Step-by-Step Solution

Step 1: Define the function We are given the equation ${x^7} + 5{x^3} + 3x + 1 = 0$. We define the function $f(x)$ as: $f(x) = x^7 + 5x^3 + 3x + 1$ Our goal is to find the number of real solutions to $f(x) = 0$.

Step 2: Calculate the first derivative, $f'(x)$ To analyze the monotonicity of $f(x)$, we need to find its first derivative, $f'(x)$. We use the power rule of differentiation: $\frac{d}{dx}(x^n) = nx^{n-1}$. $f'(x) = \frac{d}{dx}(x^7 + 5x^3 + 3x + 1) = \frac{d}{dx}(x^7) + \frac{d}{dx}(5x^3) + \frac{d}{dx}(3x) + \frac{d}{dx}(1)$ $f'(x) = 7x^6 + 15x^2 + 3 + 0$ $f'(x) = 7x^6 + 15x^2 + 3$

Step 3: Analyze the sign of $f'(x)$ We want to determine if $f'(x)$ is always positive, always negative, or changes sign. We observe that $x^6 \ge 0$ and $x^2 \ge 0$ for all real numbers $x$. Therefore, $7x^6 \ge 0$ and $15x^2 \ge 0$. $f'(x) = \underbrace{7x^6}_{\ge 0} + \underbrace{15x^2}_{\ge 0} + \underbrace{3}_{> 0}$ Since each term is non-negative, and the constant term is strictly positive, the sum must be strictly positive. Thus, $f'(x) > 0 \quad \text{for all } x \in \mathbb{R}$

Step 4: Determine the monotonicity of $f(x)$ Since $f'(x) > 0$ for all $x$, the function $f(x)$ is strictly increasing on the entire real line.

Step 5: Relate monotonicity to the number of real roots A strictly increasing function can intersect the x-axis at most once. Therefore, the equation $f(x) = 0$ can have at most one real solution.

Step 6: Analyze the function behavior as $x \to \pm \infty$ Since $f(x)$ is a polynomial of odd degree (degree 7), its end behavior is such that: As $x \to \infty$, $f(x) \to \infty$. As $x \to -\infty$, $f(x) \to -\infty$. Since $f(x)$ is a polynomial, it is continuous everywhere.
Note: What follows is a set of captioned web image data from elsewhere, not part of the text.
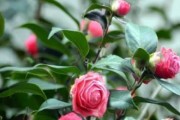 山茶花的象征意义（探寻山茶花背后的文化内涵）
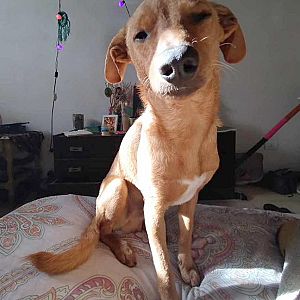 Foto de Mascota Extraviada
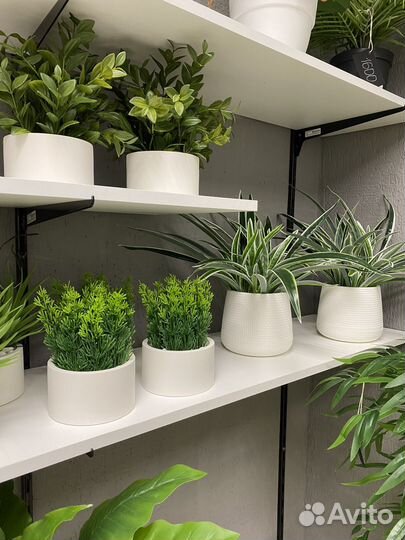 Искусственные растения, искусственная зелень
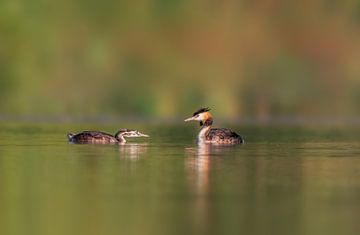 great crested grebe family at feeding on a pond sur Mario Plechaty Photography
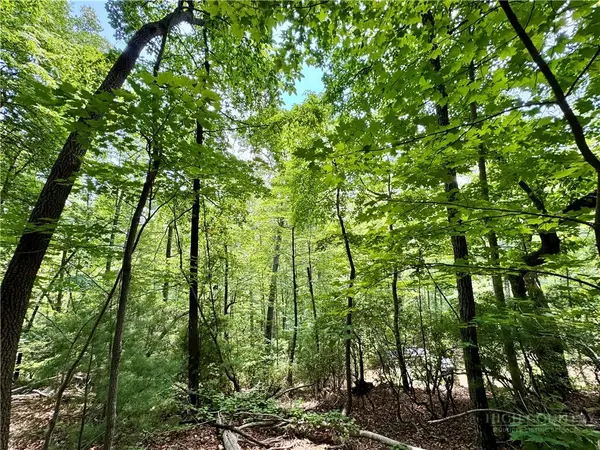 35 Acres Lot 23 Bear Track Lane, Lenoir, NC 28645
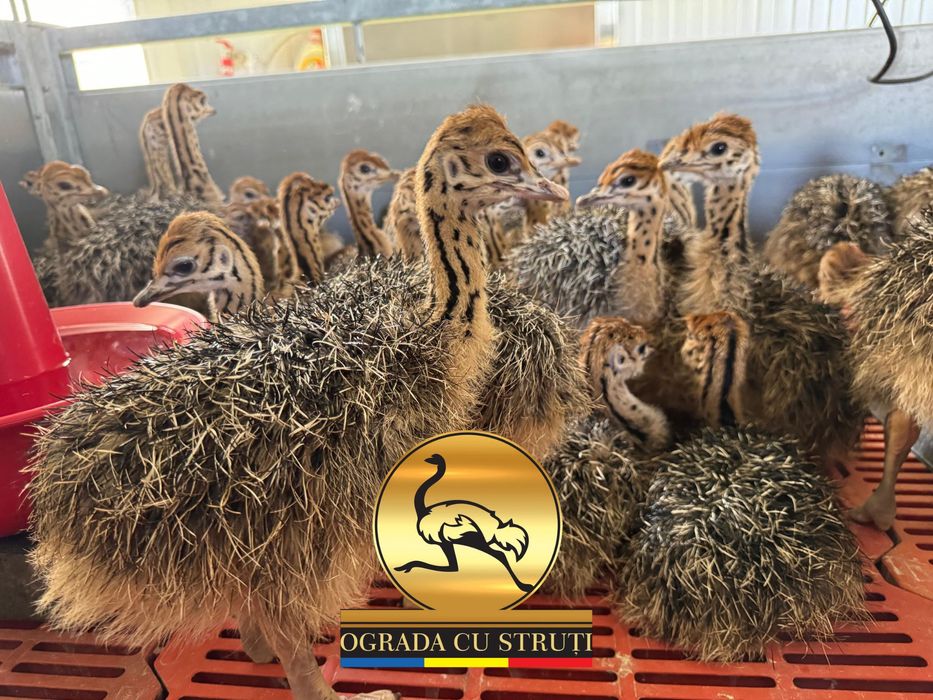 Pui de Strut - Cu Contract - Ograda cu Struti Sebes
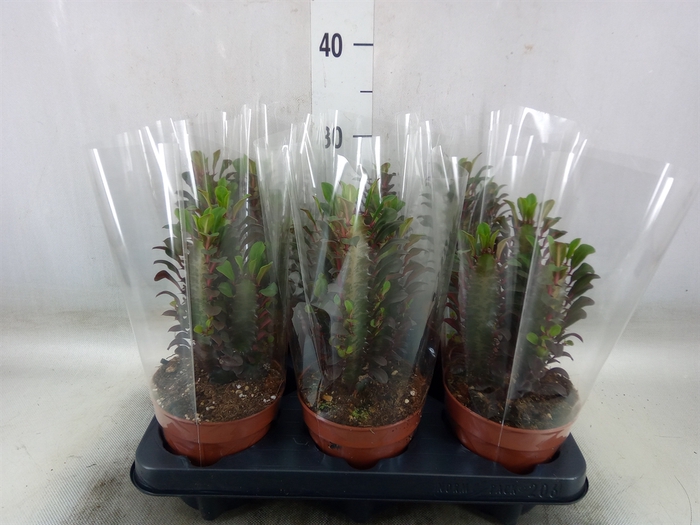 <h4>Euphorbia trigona 'Rubra'</h4>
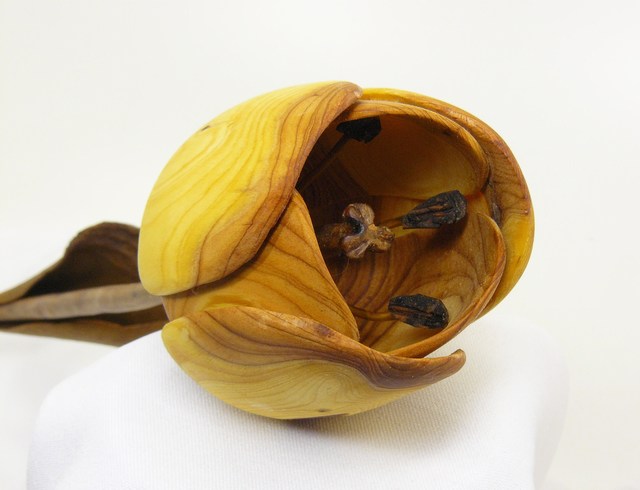 Tulpe_Eibe_3_gross
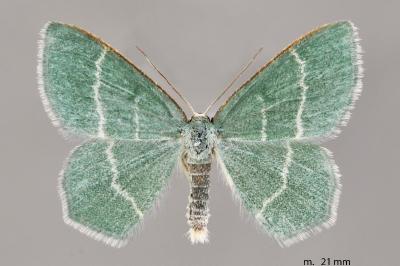 Chlorissa cloraria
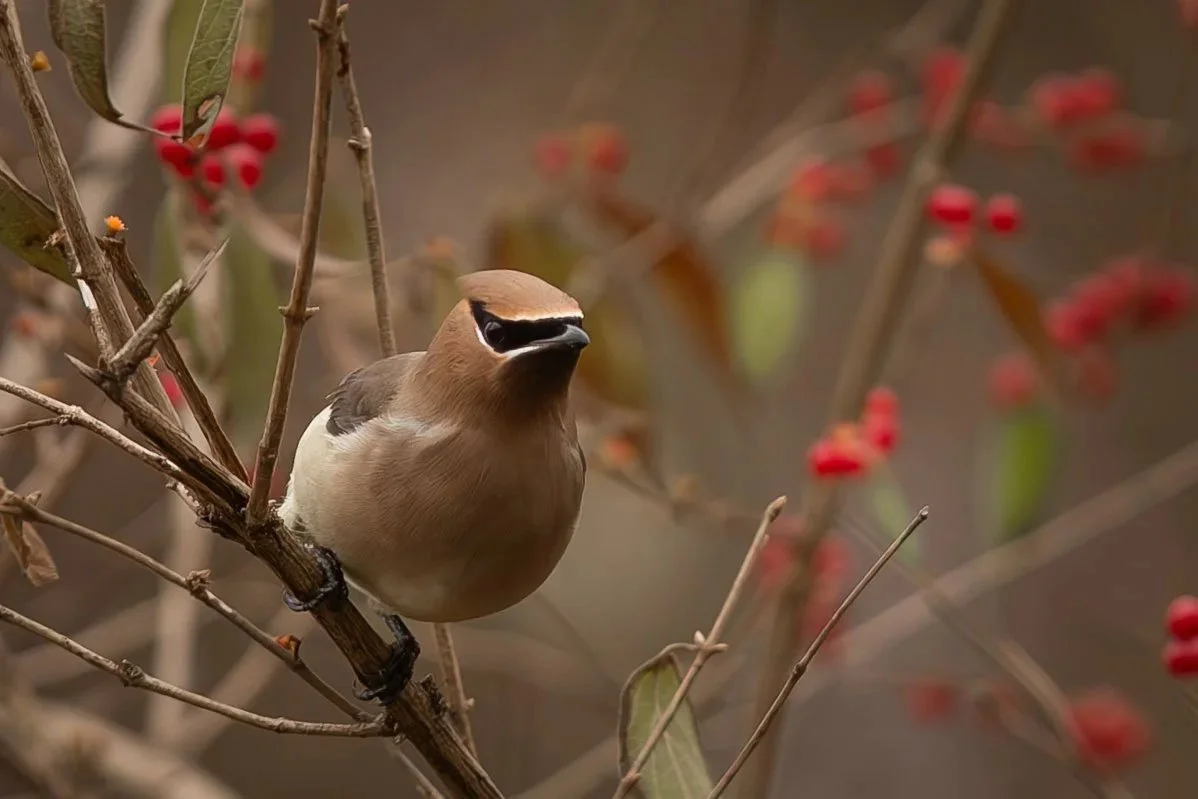 no grow page banner website 6.jpg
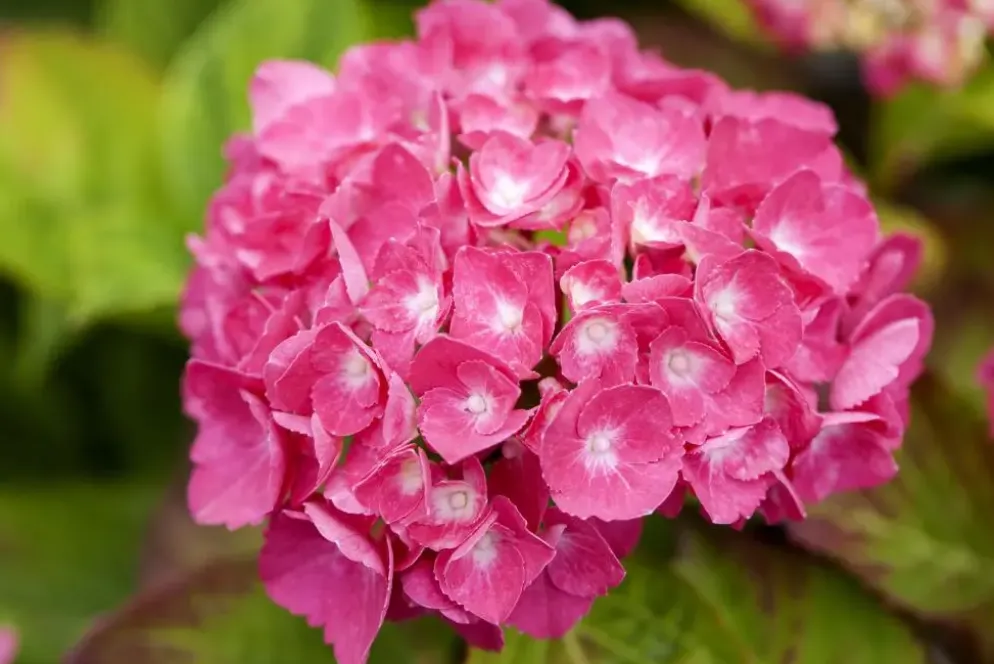 Hydrangea macrophylla (Hortensia)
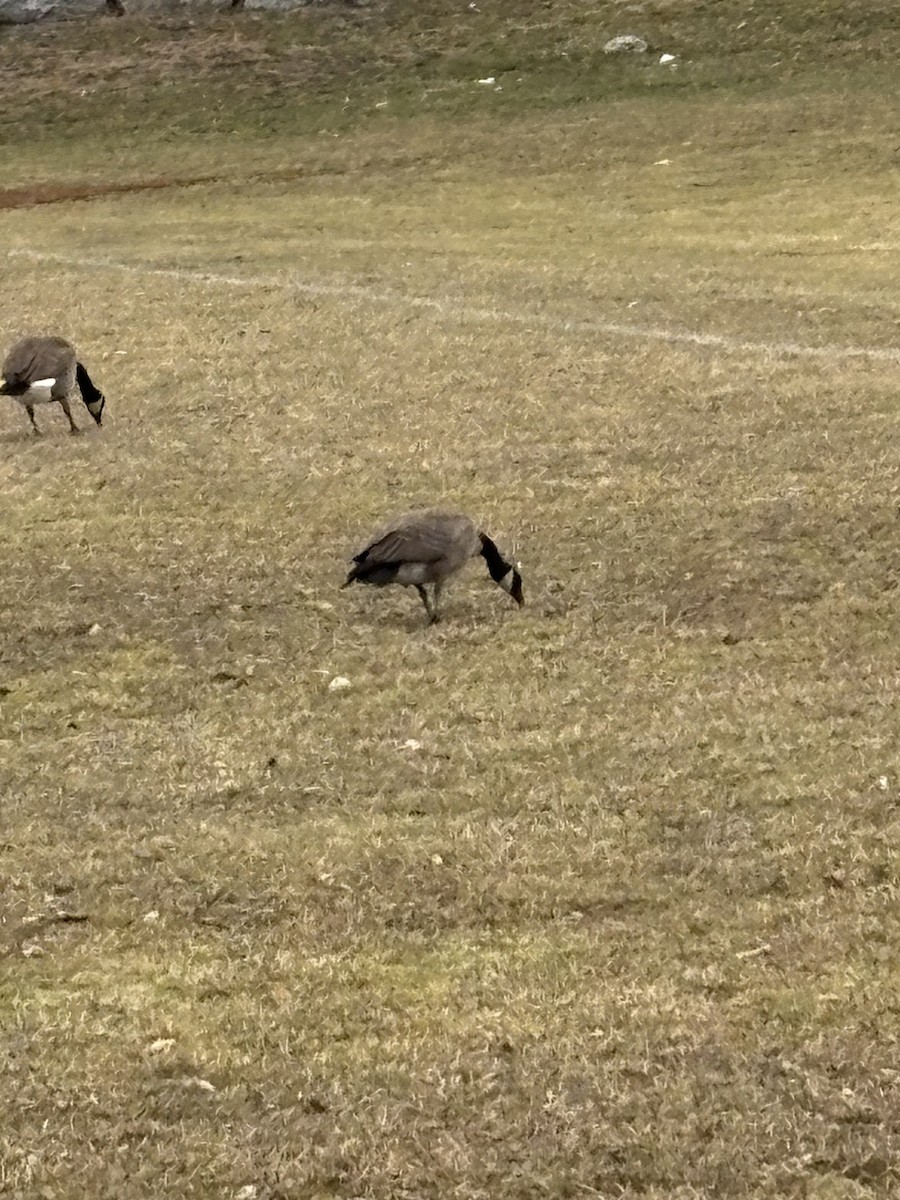 カナダガン - ML646861216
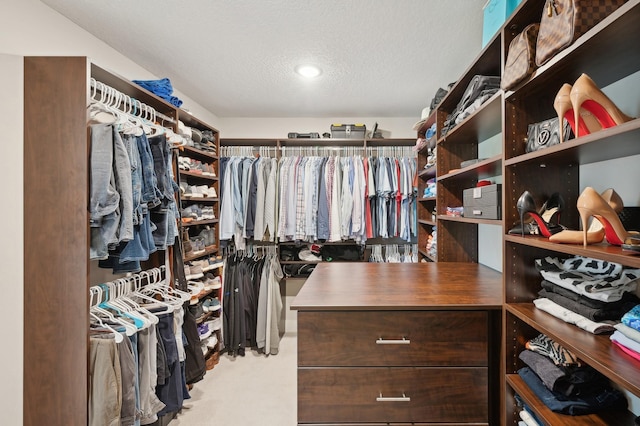 spacious closet featuring carpet flooring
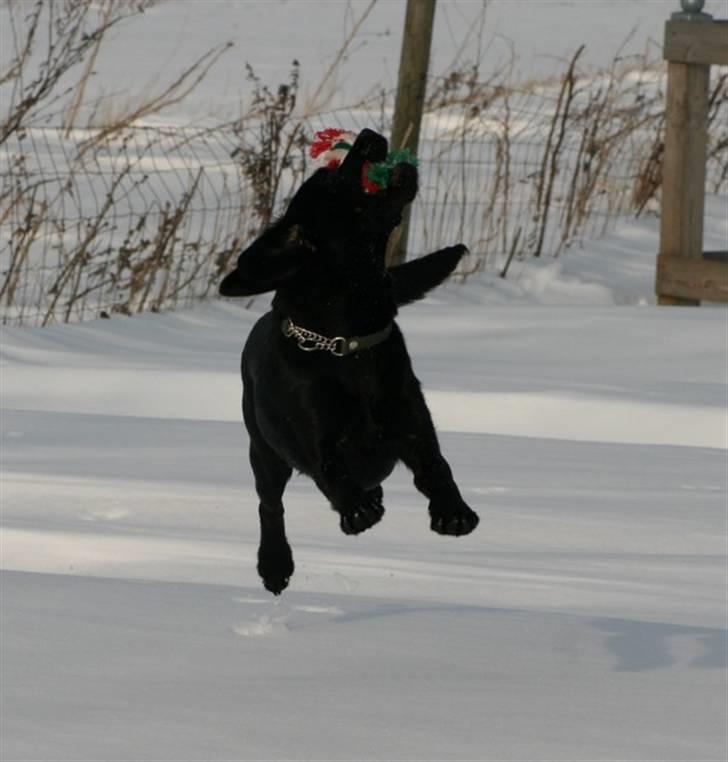 Blanding af racer Humle billede 16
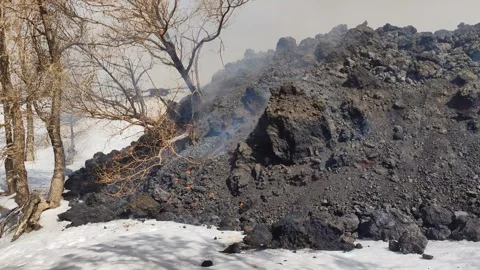 Mount Etna volcano eruption 2025 lava flow inside the forest Stock Footage 303010353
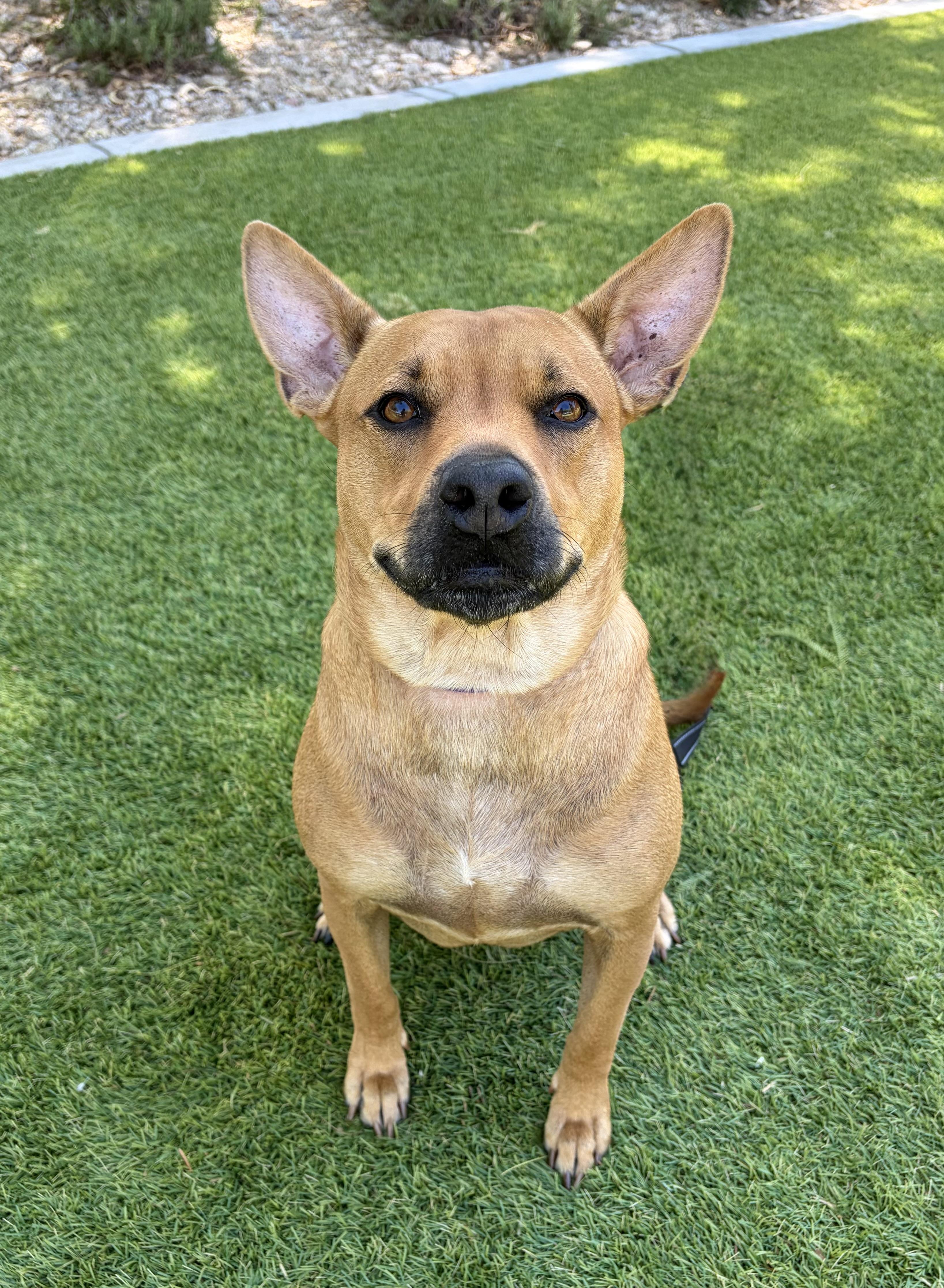 Enlarge Kate, a Adoptable mixed breed in Phoenix, AZ image 6/6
By the Intermediate Value Theorem, there must be at least one real root.

Step 7: Check f(0) $f(0) = 0^7 + 5(0)^3 + 3(0) + 1 = 1 > 0$. Since the function is strictly increasing, and $f(0)$ is already positive, the function can never cross the x-axis. Therefore, there are no real roots.

Common Mistakes & Tips

• Sign Errors: Be careful when calculating the derivative and analyzing its sign.
• Monotonicity vs. Roots: A strictly monotonic function can have at most one root. However, it may not have any roots.
• Intermediate Value Theorem: Remember that the Intermediate Value Theorem only guarantees the existence of at least one root within an interval, not exactly one.

Summary We analyzed the function $f(x) = x^7 + 5x^3 + 3x + 1$ by finding its derivative $f'(x) = 7x^6 + 15x^2 + 3$. We determined that $f'(x) > 0$ for all real $x$, meaning $f(x)$ is strictly increasing. Since $f(0) = 1 > 0$, and the function is strictly increasing, $f(x)$ is always positive and never intersects the x-axis. Therefore, there are no real roots.

Final Answer The final answer is \boxed{0}, which corresponds to option (A).